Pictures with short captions
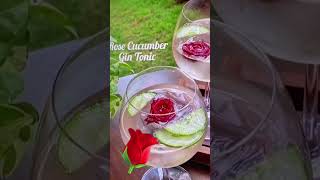 Delicious🌹🥒Rose Cucumber Gin amp Tonic🌹🥒🍹Recipe is in the Description🍹 fizzup cocktails ginmartini [upl. by Lexis]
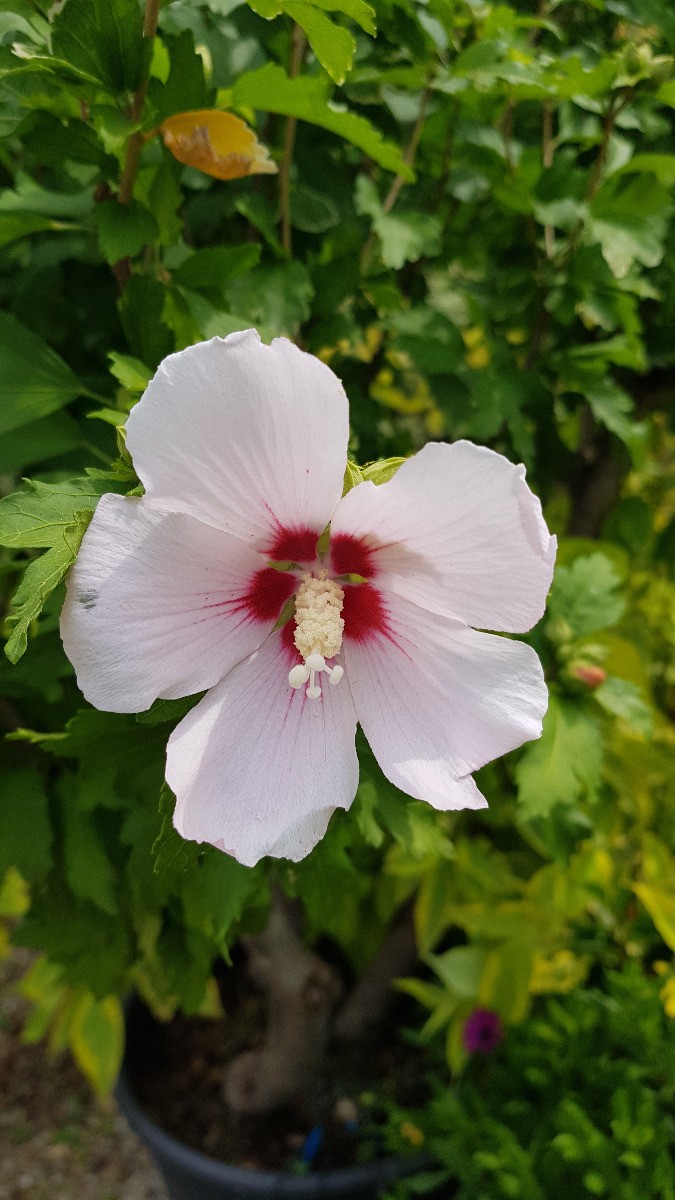 Althéa blanc rosé Hibiscus syriacus Hamabo arbuste de haie fleurie 3L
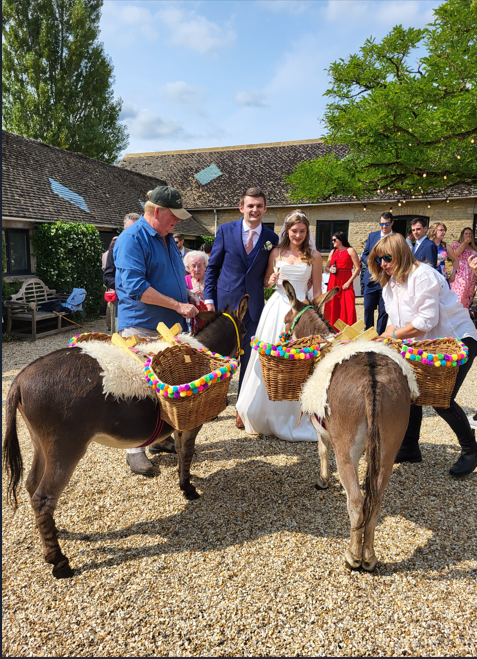 Joseph's Amazing Camels Ltd — wedding other in Idlicote (photo 3 of 6)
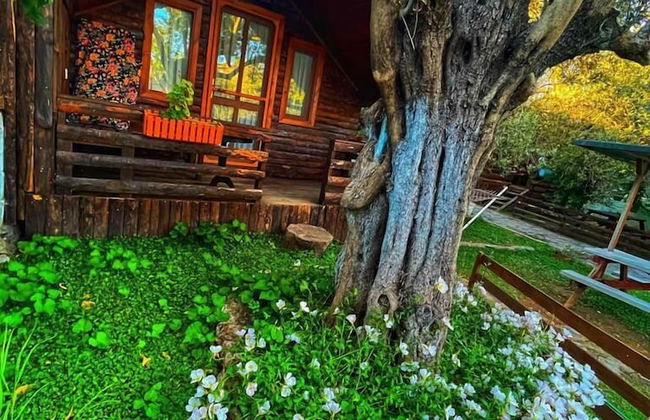 Zeytindagi Bungalow - Foto 23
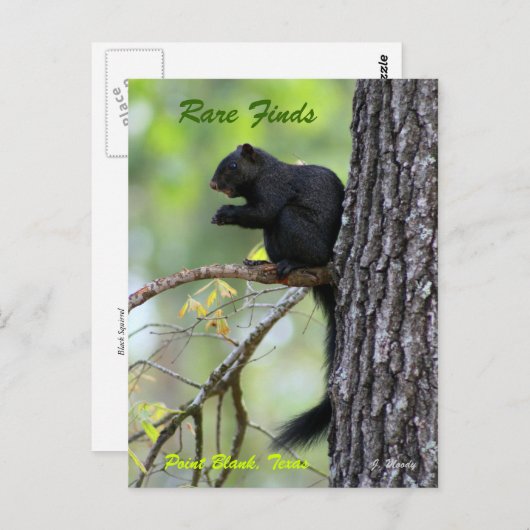 Seltene Entdeckungen Postkarte (Vorne/Hinten)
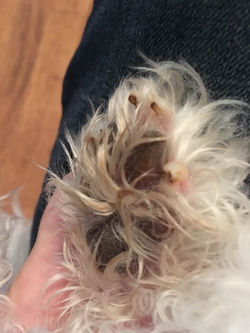 Schatzi _____ 10/11/2016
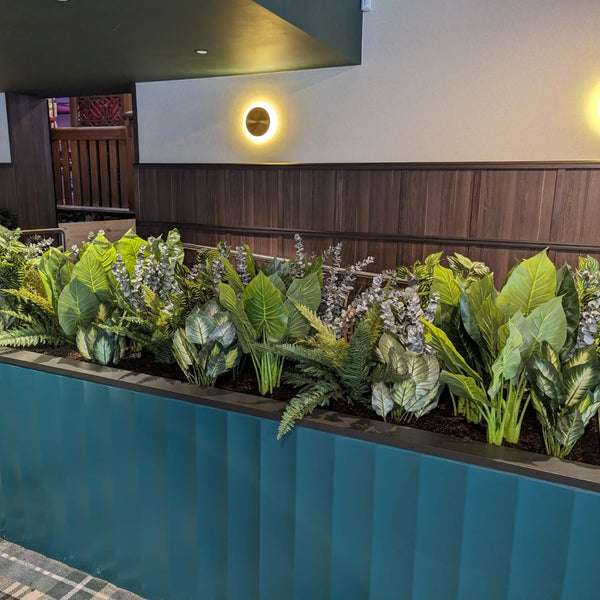 Artificial Potted Taro Plant / Elephant Ear 70cm - image 4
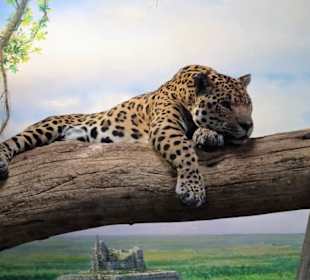 Bei den Raubkatzen im Zoo Salzburg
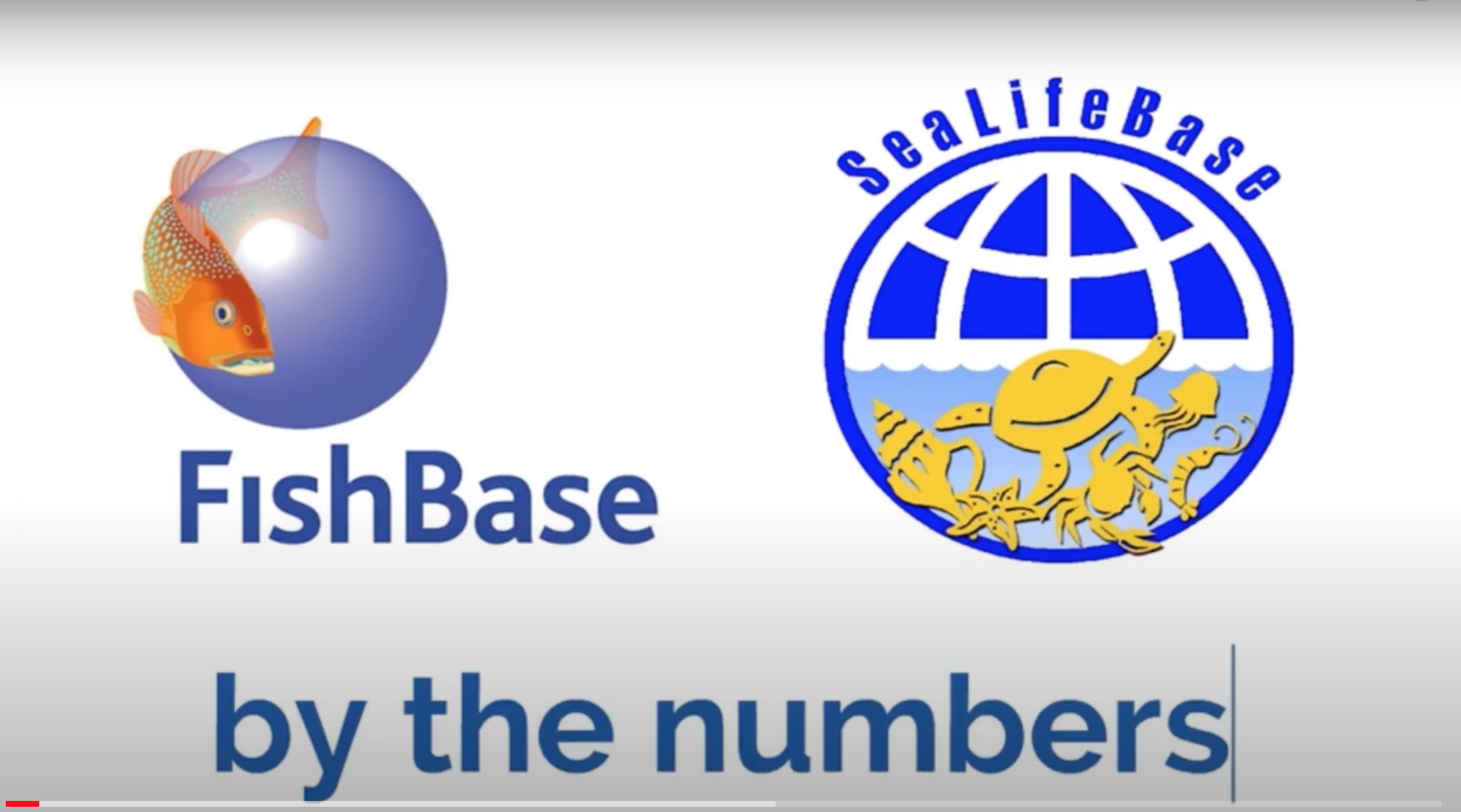 FishBase and SeaLifeBase by the numbers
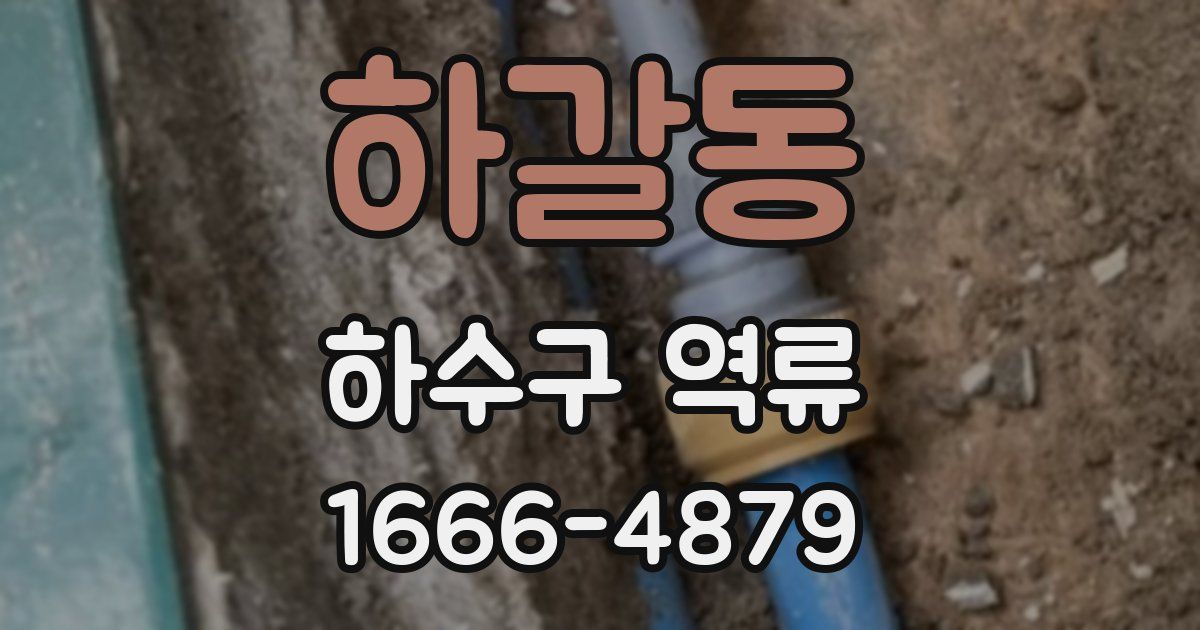 하갈동 하수구 역류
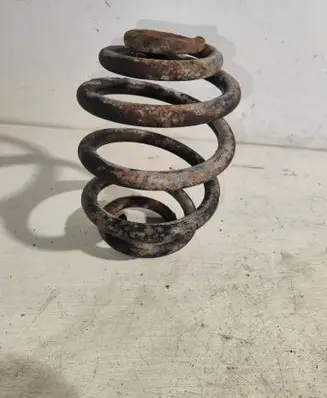 Rear coil spring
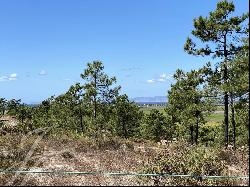 Premium plot with excellent location in Comporta Retreat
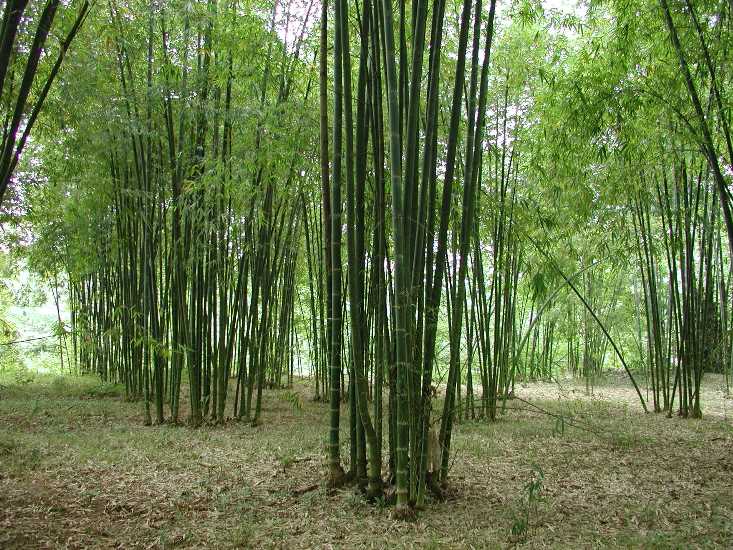 cây giống tre luồng bầu dâm ủ đảm bảo cây giống tre luồng bầu dâm ủ đảm bảo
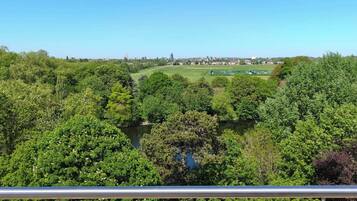 A view from a balcony overlooking a river, surrounded by dense greenery and a distant cityscape.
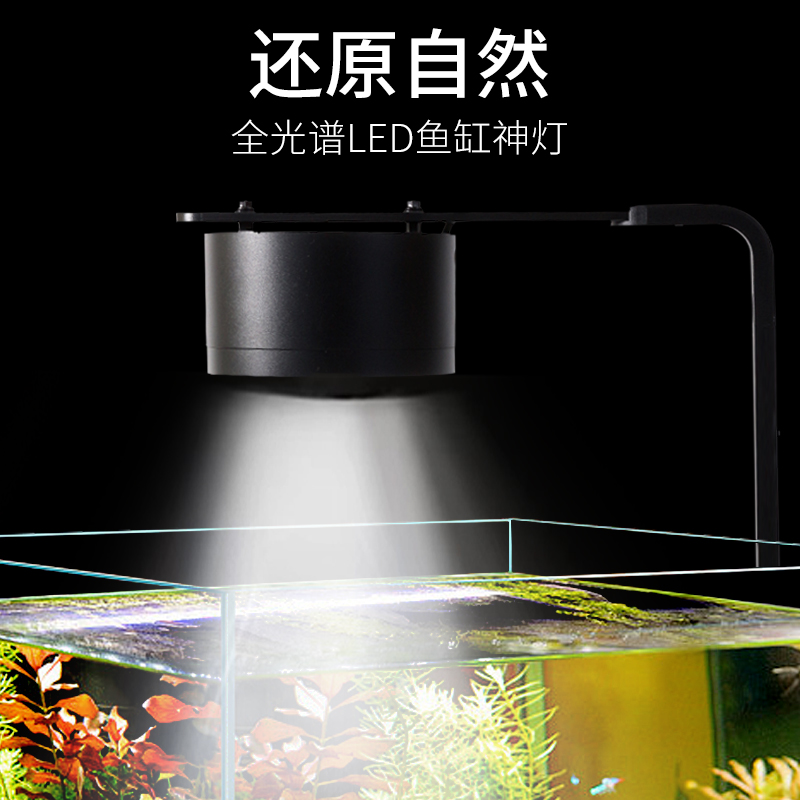 ライト工場直販ラテン金魚タンクネイティブタンクストリームタンク水植物タンク藻類爆発色強化魔法のランプAT1光源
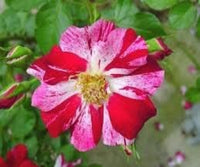 Rosa (rosa rot) samen for anpflanzung in home garten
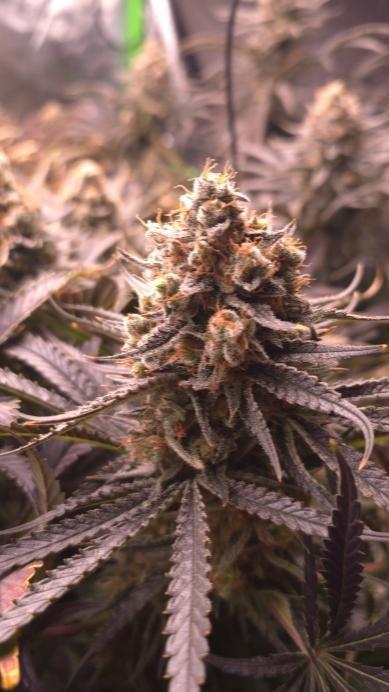 Sweet Cherry Kush Monster LSOK. Week 19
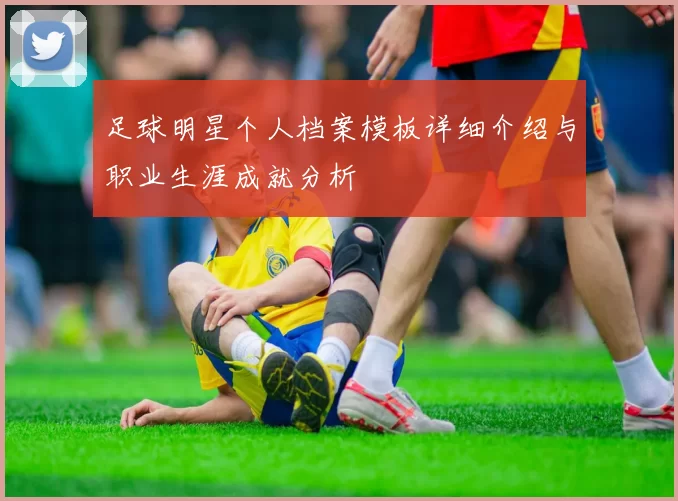 足球明星个人档案模板详细介绍与职业生涯成就分析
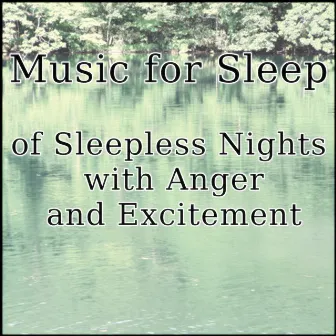 Music for the Sleep of Sleepless Nights with Anger and Excitement by Sleep Music Laboratory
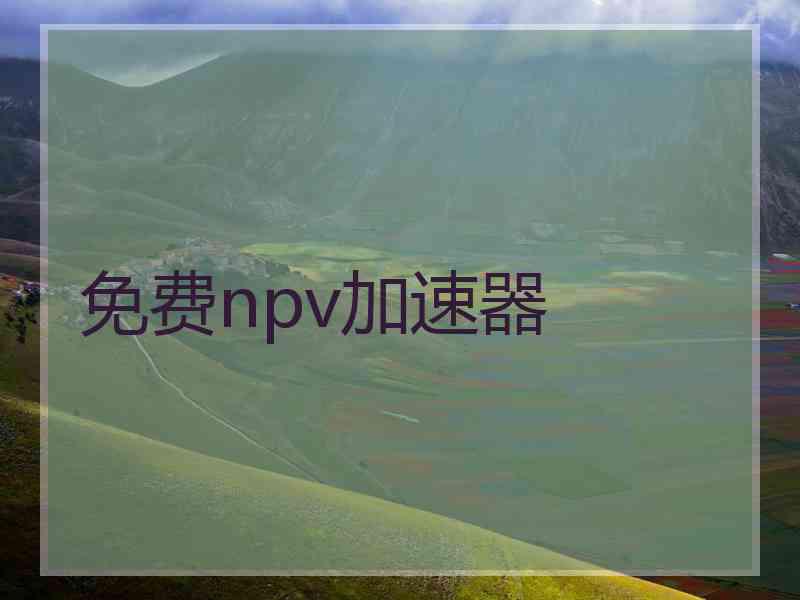 免费npv加速器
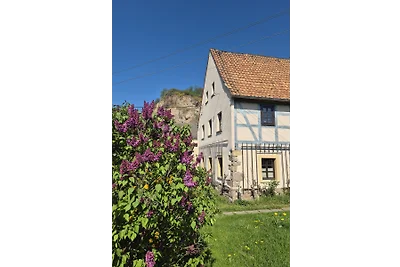 Apartment am Boselgarten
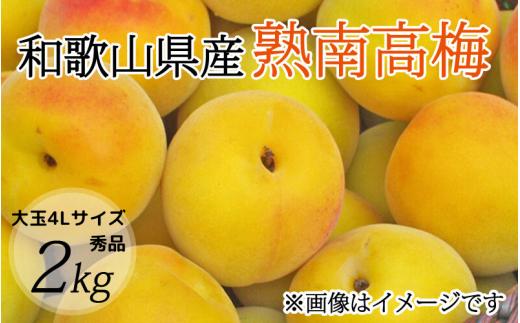 【梅干・梅酒用】大玉4Lサイズ2Kg熟南高梅 赤秀品＜2025年6月上旬～7月上旬ごろに順次発送予定＞/ 梅 梅干し ウメ 青梅 生梅 梅シロップ うめ 生梅 梅酒 梅ジュース 南高梅 フルーツ 果物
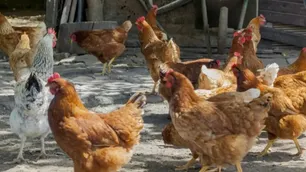 Argentina libre de gripe aviar: “Estamos trabajando con los países que habían cerrado el mercado”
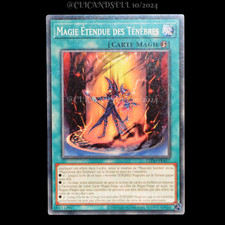 carte YU-GI-OH! Magie Étendue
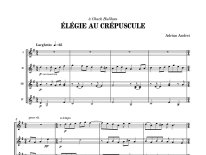 Andrei | Elegie au crepuscule for 4 guitars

§ **What you need to do**
Leave the pictures out and restate exactly the lines from the one that has "Zeytindagi Bungalow - Foto 23" through the final line of the entries above, both ends included.

§ **Completed exercise**
 Zeytindagi Bungalow - Foto 23
 Seltene Entdeckungen Postkarte (Vorne/Hinten)
 Schatzi _____ 10/11/2016
 Artificial Potted Taro Plant / Elephant Ear 70cm - image 4
 Bei den Raubkatzen im Zoo Salzburg
 FishBase and SeaLifeBase by the numbers
 하갈동 하수구 역류
 Rear coil spring
 Premium plot with excellent location in Comporta Retreat
 cây giống tre luồng bầu dâm ủ đảm bảo cây giống tre luồng bầu dâm ủ đảm bảo
 A view from a balcony overlooking a river, surrounded by dense greenery and a distant cityscape.
 ライト工場直販ラテン金魚タンクネイティブタンクストリームタンク水植物タンク藻類爆発色強化魔法のランプAT1光源
 Rosa (rosa rot) samen for anpflanzung in home garten
 Sweet Cherry Kush Monster LSOK. Week 19
 足球明星个人档案模板详细介绍与职业生涯成就分析
 Music for the Sleep of Sleepless Nights with Anger and Excitement by Sleep Music Laboratory
 免费npv加速器
 Apartment am Boselgarten
 【梅干・梅酒用】大玉4Lサイズ2Kg熟南高梅 赤秀品＜2025年6月上旬～7月上旬ごろに順次発送予定＞/ 梅 梅干し ウメ 青梅 生梅 梅シロップ うめ 生梅 梅酒 梅ジュース 南高梅 フルーツ 果物
 Argentina libre de gripe aviar: “Estamos trabajando con los países que habían cerrado el mercado”
 carte YU-GI-OH! Magie Étendue
 Andrei | Elegie au crepuscule for 4 guitars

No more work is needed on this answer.